Twelve insurance firms, which are based in the UK or Gibraltar but selling into Ireland, have still to sort out their regulatory status in the context of Brexit.
In response to a parliamentary question from Fianna Fáil's Finance spokesperson Michael McGrath, Finance Minister Paschal Donohoe said there are currently 139 UK and 26 Gibraltar authorised insurance companies with "freedom of service notifications" into Ireland.
However, the Minister said that not all of these companies actually write business in Ireland.
Mr Donohoe said the Central Bank had told him that 64 UK insurance firms and 17 Gibraltar insurance firms currently have Irish policyholders.
Of these 81 companies, 12 to date have not established a presence and sought authorisation in Ireland or another EU country.

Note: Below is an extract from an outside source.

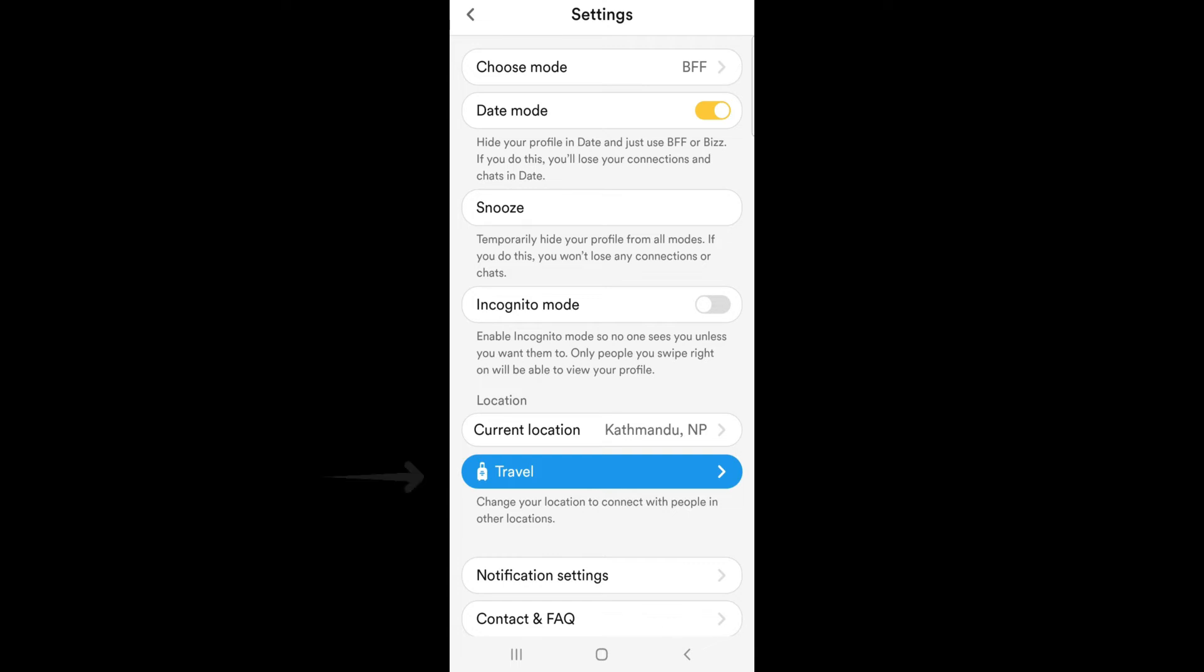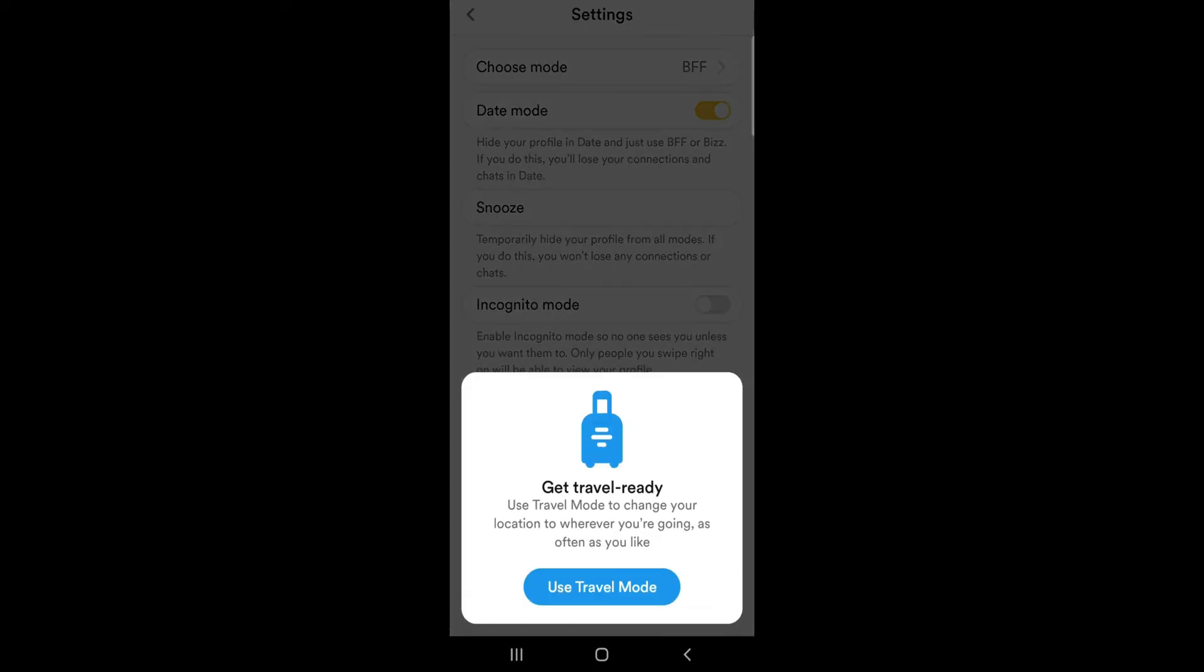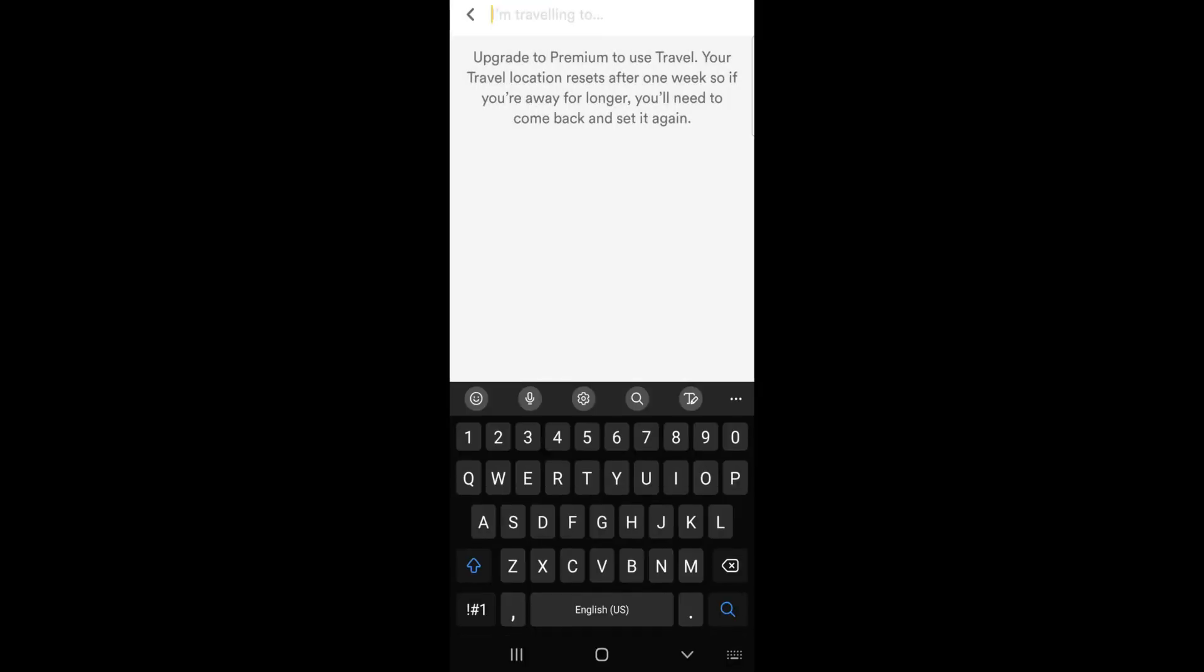So tap travel and tap use travel mode. The travel mode is a premium feature on Bumble, so type the place you are traveling to.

The Minister said he does not have information on the number of policyholders in those companies.
Mr Donohoe said the Central Bank is engaging with insurers and brokers on Brexit.
The Central Bank has instructed them to take "appropriate contingency measures" to ensure the continuity of services for cross-border insurance policies between the UK and other member states of the European Unon.
The companies were also told to inform their customers and beneficiaries of the implications of these contingency measures and to provide customers with clear information on the measures taken or planned and how they might affect policies.
"I understand that the Central Bank is also working closely with UK and European regulators to exchange information about firms' plans and actions needed to address any consumer protection concerns," the Minster said.
The Finance Minister also told Deputy McGrath that his department and the Central Bank are working closely to protect customers of insurance products in the event of a no deal Brexit.
He said that provisions in the Withdrawal of the UK from the European Union (Consequential Provisions) Act 2019 allow for a temporary run-off regime.
This will allow certain UK and Gibraltar insurers and brokers to continue to service existing insurance contracts with Irish policyholders in the event of a no deal Brexit, he added.